Age-Related Macular Degeneration (AMD): A View to the Future

Retina Service, Department of Ophthalmology, Harvard Medical School, Massachusetts Eye and Ear, Boston, MA 02114, USA
*
Author to whom correspondence should be addressed.
J. Clin. Med. 2021, 10(5), 1124; https://doi.org/10.3390/jcm10051124
Submission received: 3 February 2021 / Accepted: 26 February 2021 / Published: 8 March 2021
Age-related macular degeneration (AMD) is the leading cause of blindness in people over age 50 worldwide, and the third leading cause of blindness overall. As the world population ages, AMD is expected to grow in prevalence, with the number of estimated cases predicted to reach 288 million by 2040 [1]. AMD is typically classified into two forms—a non-neovascular, or “dry” form and a neovascular “wet” form, but even these simple terms are evolving as we incorporate new information from optical coherence tomography-angiography (OCT-A).
All AMD starts as the dry form and is characterized by accumulation of deposits under the retinal pigment epithelium (RPE) and neurosensory retina, as well as degeneration of the RPE, photoreceptors, and even the choroidal vasculature, whereas wet AMD is characterized by the development of new choroidal vessels that are often highly permeable and fragile. This choroidal neovascularization (CNV) extends from the choroid into the subretinal space within Bruch’s membrane, or in the subretinal RPE space [2].
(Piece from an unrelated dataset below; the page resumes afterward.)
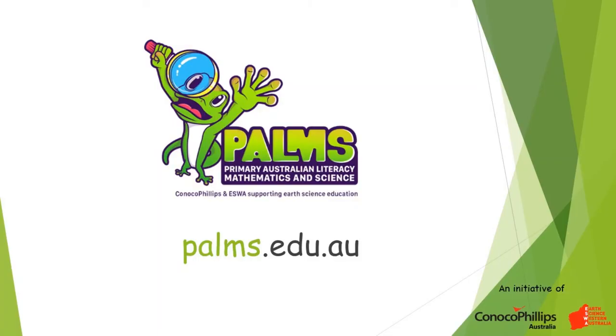Thanks for watching this PALMS demonstration video. For more fun, hands-on, engaging earth science activities, check out our website palms.edu.au.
Severe vision loss and impairment of activities of daily living most often occurs in advanced AMD due to two primary causes: 1. central geographic atrophy (GA), in which large sections of RPE and overlying photoreceptor cells are lost; or 2. CNV with its associated leakage of subretinal fluid, lipid deposition, hemorrhage, RPE detachment, and/or fibrotic scarring [3]. AMD is a complex, multifactorial disease and the associations with genetic and environmental factors are well-recognized. While prior research has pointed to and implicated roles for numerous pathways in the pathobiology of AMD, including inflammation, complement, lipids, and cell death, our understanding of their precise mechanisms, as well as the relative contributions of these pathways, remains incomplete.
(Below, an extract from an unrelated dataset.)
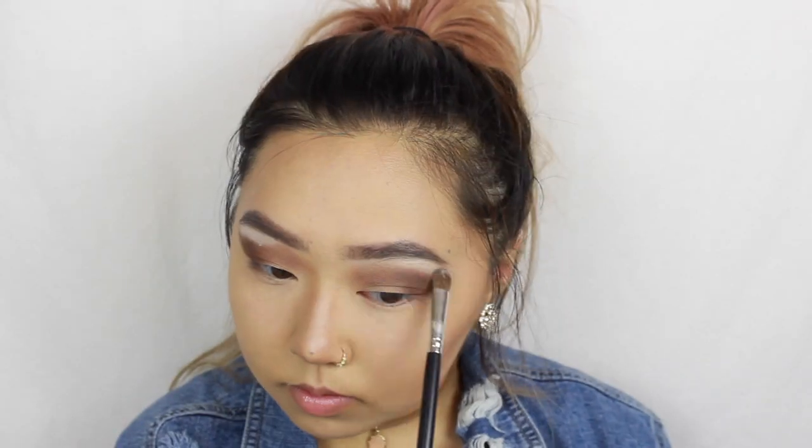I'm taking Cream and putting that on my brow bone to help blend the crease better. Then I'm going into the NYX Perfect Filter palette and using the orange shade to put into my crease.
The demonstration of the critical role vascular endothelial growth factor (VEGF) plays in ocular neovascularization formed the basis for the development of successful anti-VEGF therapies for the treatment of neovascular AMD and other retinal diseases. We now have four anti-VEGF agents—brolucizumab (Beovu®), aflibercept (Eylea®), ranibizumab (Lucentis®), and pegaptanib (Macugen®)—approved by governmental agencies including the United States Food and Drug Administration (FDA), with additional agents in development. Bevacizumab (Avastin®) is approved by the FDA for the treatment of colorectal and other cancers, and continues to be used off-label as a therapy for nvAMD and other conditions. The use of these anti-VEGF therapies has revolutionized care for patients with neovascular AMD, and other neovascular ocular conditions such as RVO, DME, and ROP, and has dramatically improved vision outcomes and quality of life for millions of people worldwide. However, anti-VEGF therapies are only supportive treatment for AMD, and several issues remain. To date, the mechanisms underlying the pathologic processes of AMD remain elusive, and currently there are no treatments for either early or intermediate AMD, nor for the later advanced, atrophic stage of AMD. While studies have indicated multiple biological pathways in the formation and progression of dry AMD, including lipid metabolism and transport regulation, inflammation, extracellular matrix remodeling, cellular adhesion, cellular toxicity, cell death, and angiogenesis, there is not yet a unifying hypothesis that adequately explains initiation of the disease process or the subsequent progression to RPE and photoreceptor degradation. It is possible that there are different subtypes in early and intermediate AMD that are dominated by these different pathways, including lipids, autophagy, inflammation, or a combination of these pathways. Ultimately, the clinical course converges on an advanced enough form where neovascularization or atrophy occurs, and these late events may be the same across all the subtypes.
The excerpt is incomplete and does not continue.